Беньямин ссылается на поразительное место из теории Рудольфа Панвица: «Наши переводы, даже самые лучшие, исходят из неверной посылки: намереваются онемечить санскрит, греческий, английский вместо того, чтобы санскритизировать, эллинизировать, англизировать немецкий. Они куда больше уважают словоупотребление родного языка, нежели дух иноязычного произведения… Основополагающая ошибка переводчика — увековечивать состояние, в котором он по случайности застал собственный язык, вместо того чтобы отдаться властному импульсу чужого наречия». Угрожающе привлекательное предложение или требование. Подразумевается, что у каждого языка есть возможность стать всеми другими или, по крайней мере, без малейшего для себя ущерба двигаться в самых разных новых направлениях; имеется в виду, что переводчик найдет достаточно ресурсов в переводимом тексте и обладает достаточным весом сам по себе, чтобы вызвать этот решительный перелом; и, наконец, имеется в виду перевод настолько свободный и настолько новаторский, чтобы оказаться способным на превосходящую любые возможности родной литературы лексическую и синтаксическую дословность, а это, если довести мысль до конца, делает сам перевод фактически излишним.

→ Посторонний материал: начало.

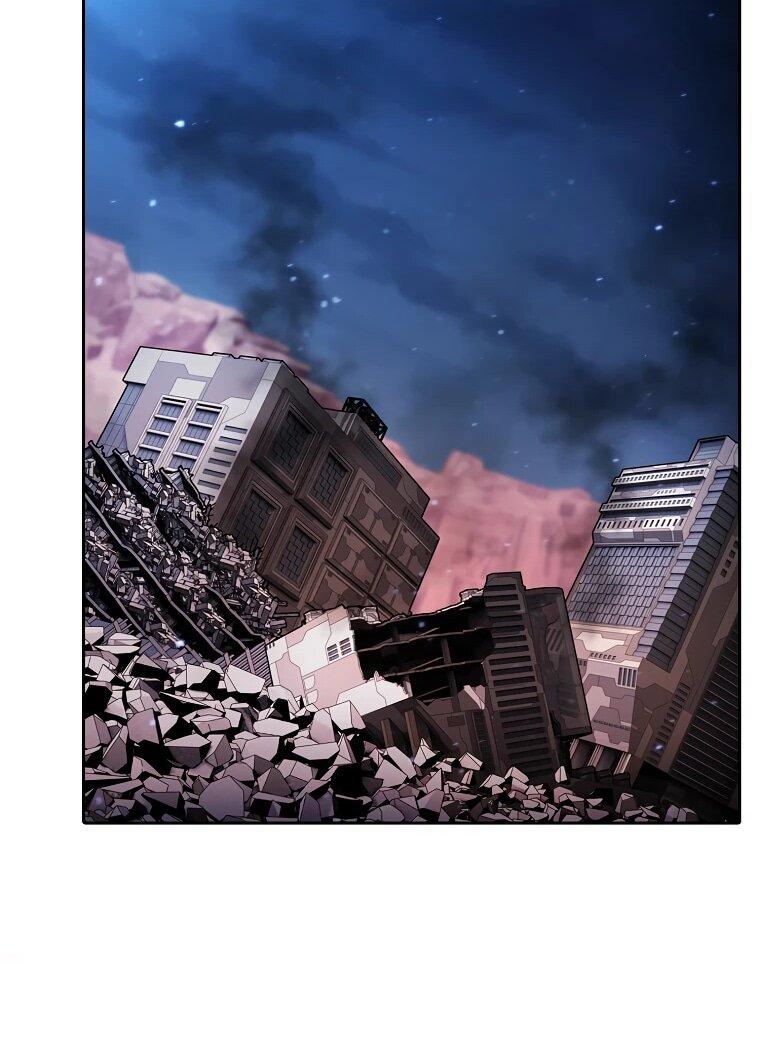 Манга Созвездие, вернувшееся из ада - Глава 212 Страница 31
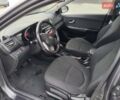 Киа Рио 2013 в Харькове на Automoto.ua Серый Киа Рио, объемом двигателя 1.6 л и пробегом 146 тыс. км за 8200 $, фото 24 на Automoto.ua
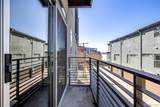 2650 Front View - Photo 27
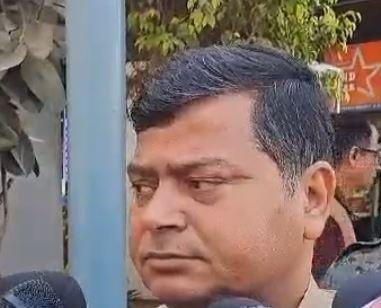 Rajbhushan 22Scope News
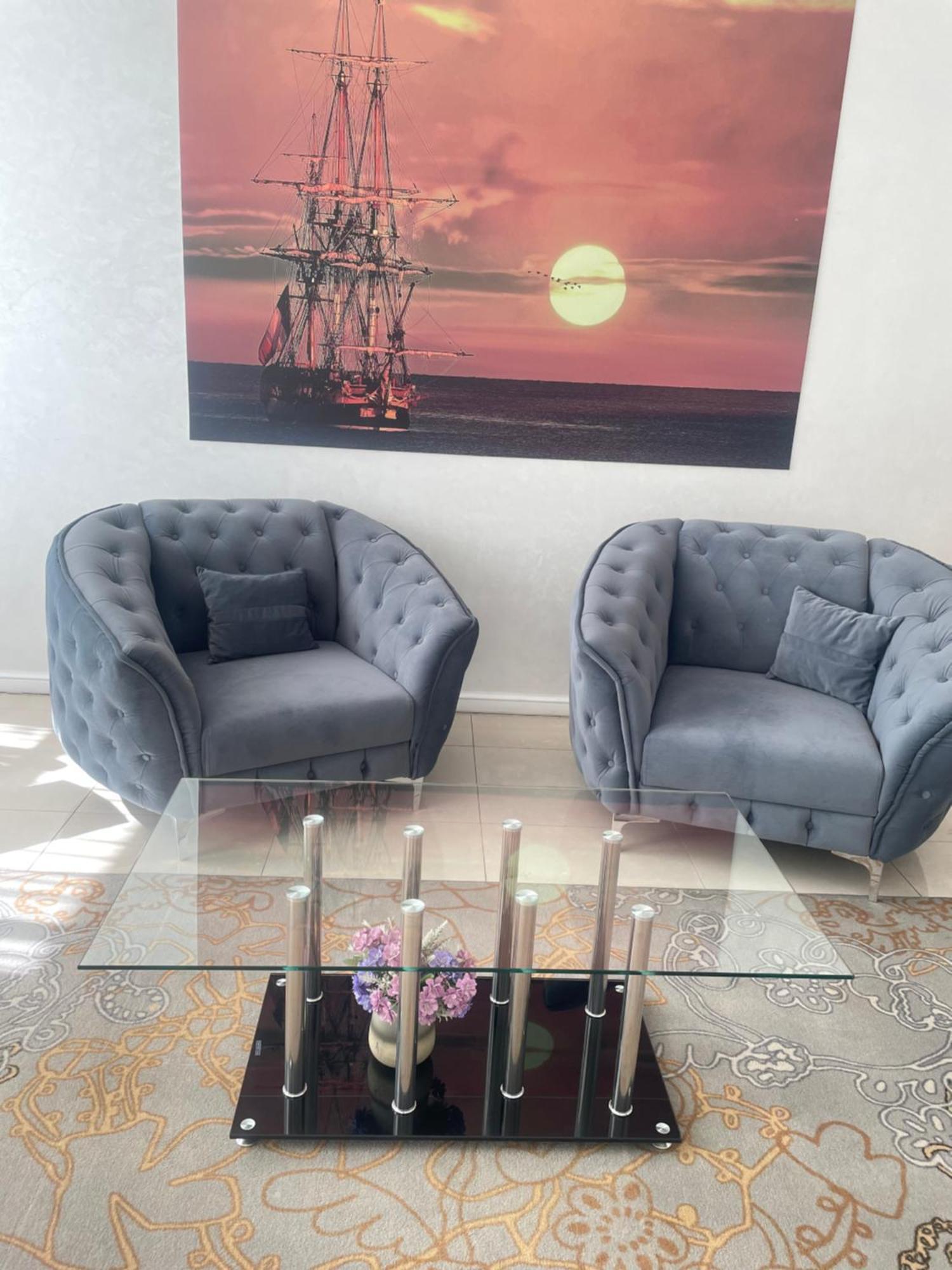 Hotel Parc Craiova Extérieur photo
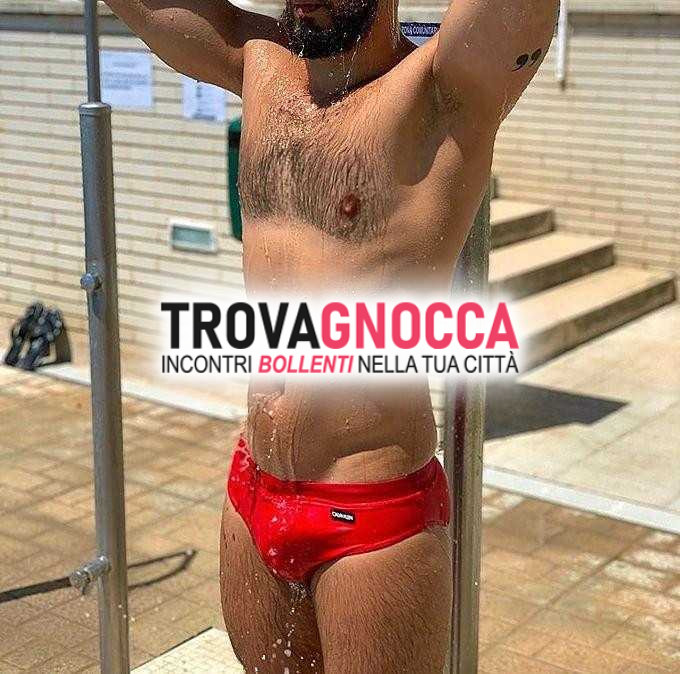 coppia maschi momento sex e divertimento ora. siamo pronti ad ospitare 😈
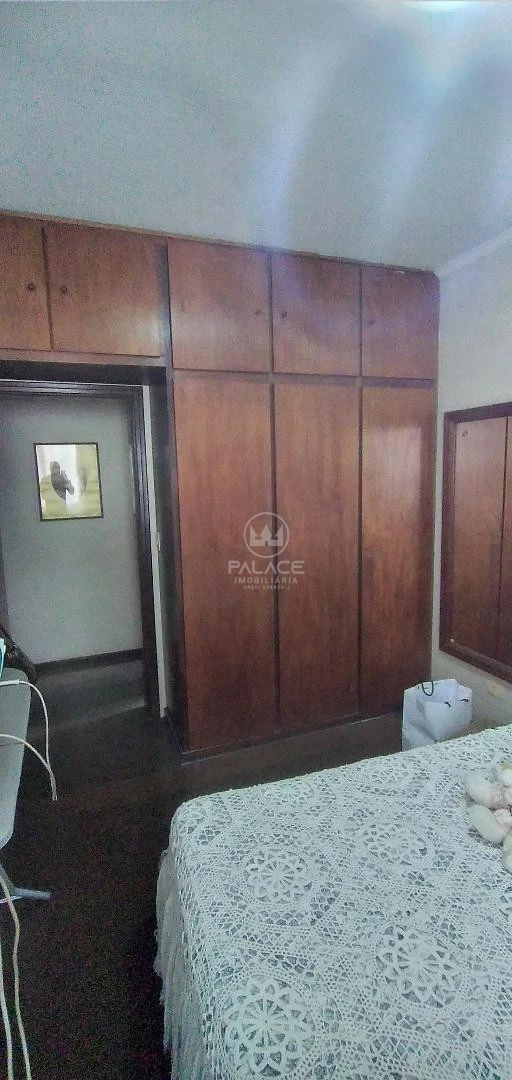 Apartamento À Venda Centro Edificio Philadélfia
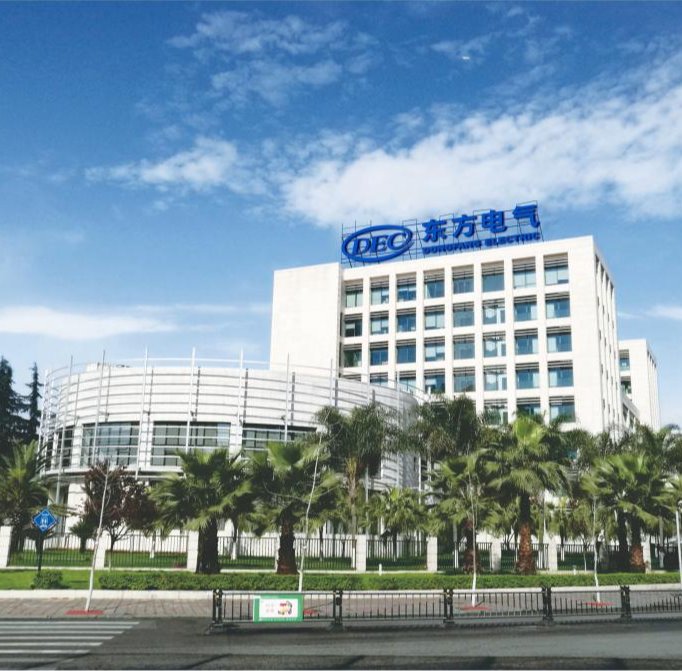 6686体育(中国)官方网站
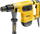Burmashinë Dewalt D25481K 1050W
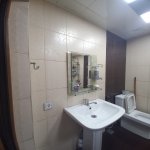 Satılır 3 otaqlı Yeni Tikili Xırdalan 7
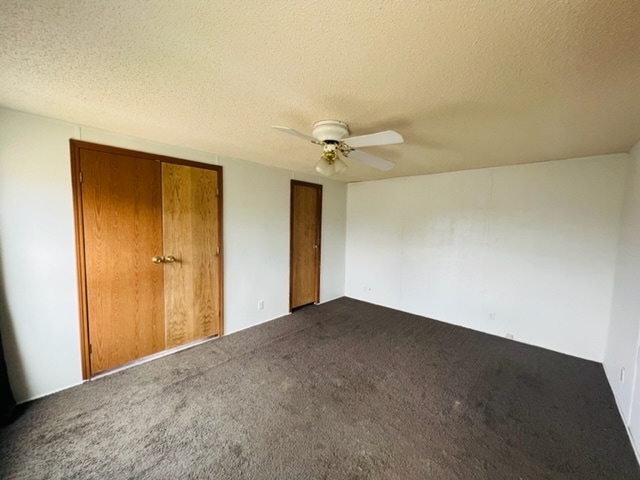 Building Photo - 808 Apple Ave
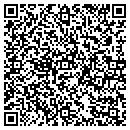 QR code with In And Out Beauty Salon contacts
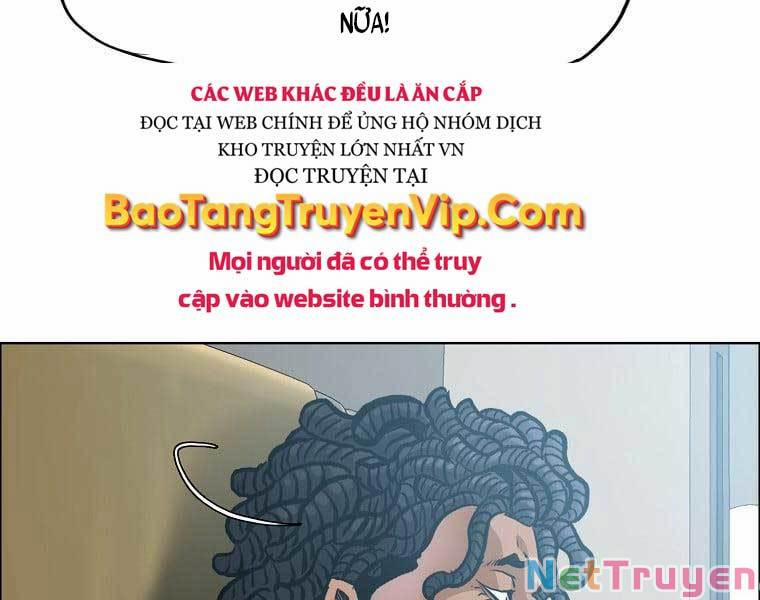 Bá Chủ Học Đường Ss4 Chương 68 Trang 98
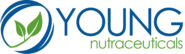 Mirica® 120 Capsules - Palmitoylethanolamide (PEA) And Luteolin - Image 4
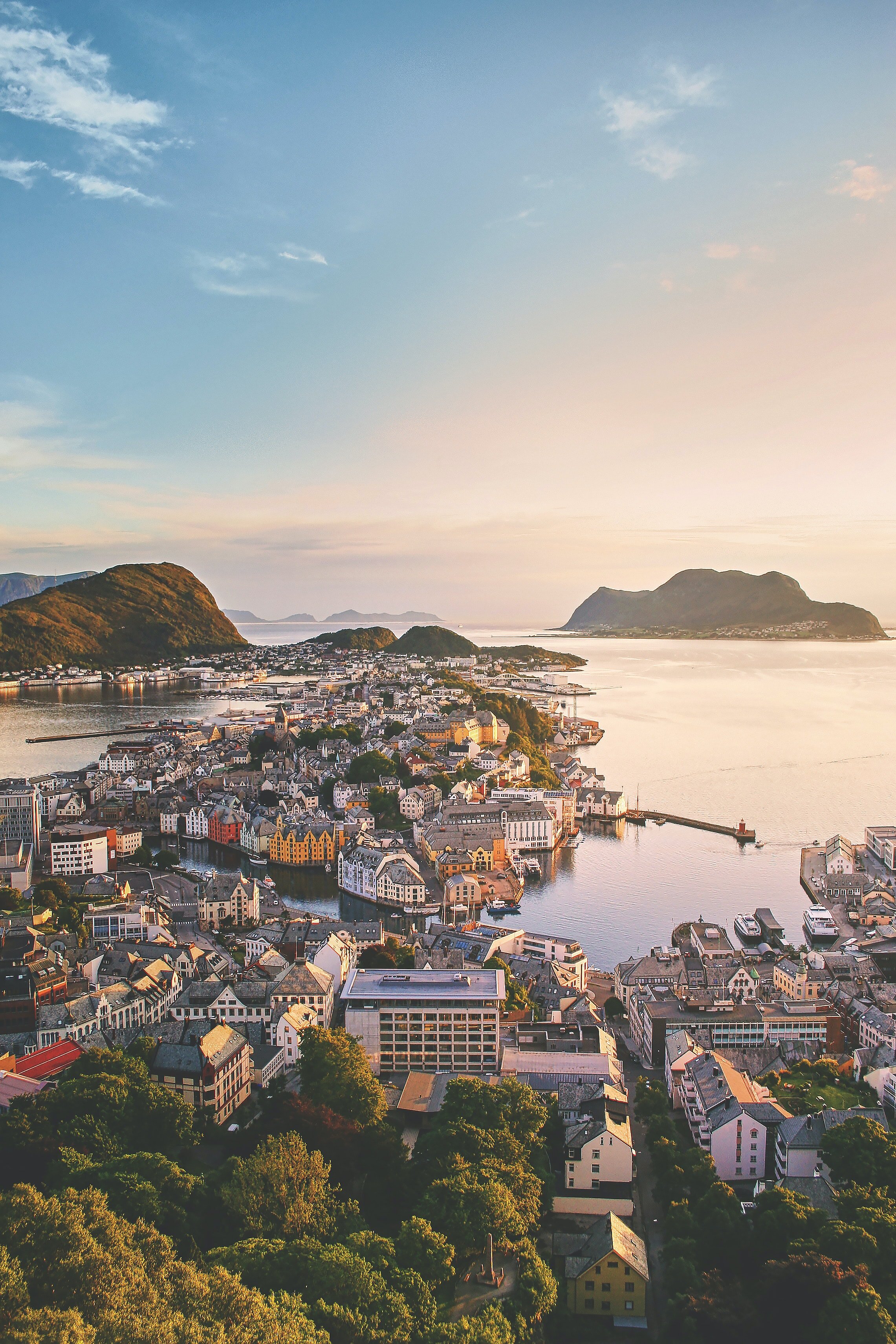 jarand-k-lokeland-3-MftKobVtg-unsplash.jpg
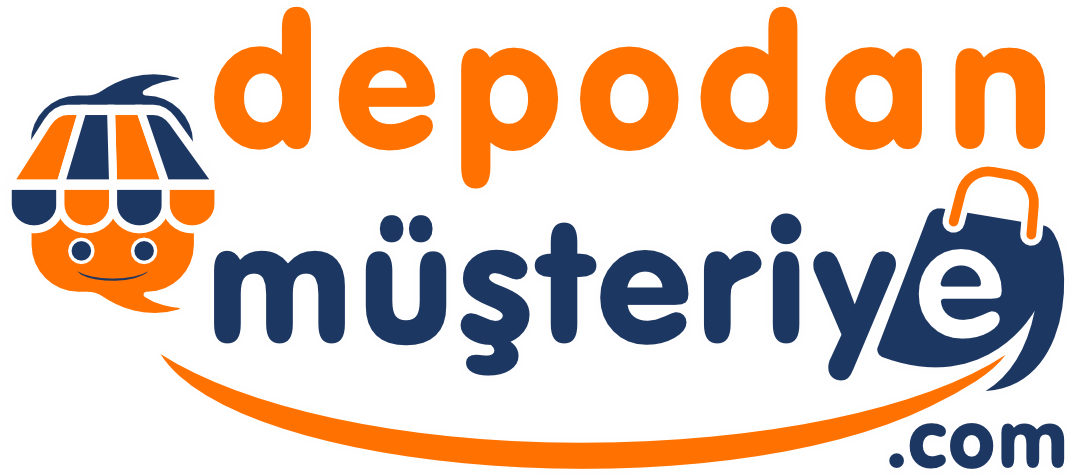 Depodan Müşteriye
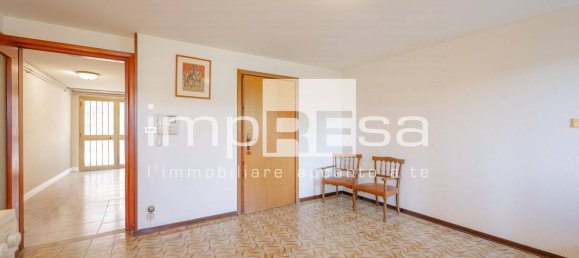4 rooms House in Gaiarine, Italy No. 218352 26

Остается добавить, что для поддержки своих взглядов Панвиц может заручиться такими звонкими именами, как Лютер, Фосс, Гёльдерлин, Георге, которые, переводя, всякий раз без колебаний ломали рамки немецкого языка, чтобы раздвинуть его границы. Пример Гёльдерлина и в самом деле показывает, какая опасность в конечном счете угрожает человеку, завороженному могуществом перевода. Переложения Софокловых «Антигоны» и «Эдипа» остались едва ли не последними его трудами на грани поворота к безумию — работами, до предела продуманными, укрощенными и свободными, с непоколебимой твердостью подчиненными одному замыслу — не перенести греческий текст в лоно немецкого языка, не обратить немецкий язык к греческим истокам, но воссоединить две силы, одна из которых представляет изменчивость Запада, а другая — превратности Востока, в простоте единого, цельного и чистого языка. Результат был почти ужасным. Оказалось, между двумя этими языками обнаружено такое глубокое согласие, такая изначальная гармония, что она замещает собой смысл или, другими словами, ей удается превратить зазор, разверстый между ними двумя, в источник нового смысла. Эффект был настолько силен, что ледяному смеху Гёте по этому поводу даже не удивляешься. Над кем, собственно, смеялся Гёте? Над человеком, который перестал уже быть и поэтом, и переводчиком, а безрассудно устремился к тому центру, где думает найти собранной в одну точку такую чистую возможность сопряжения всего, которая способна сама по себе порождать смысл помимо любого установленного и ограниченного смысла. То, что подобное искушение явилось Гёльдерлину в образе перевода, понятно: к чистой возможности сопрягать все со всем, которой живо как любое практическое действие, так и любой язык, переводчик — как никто другой — находится в непрерывной, опасной и восхитительной близости. Именно этой неразлучности он и обязан своими правами самого гордого и самого незаметного из писателей, ни на минуту не расстающегося с убеждением, что перевод — это в конечном счете безумие.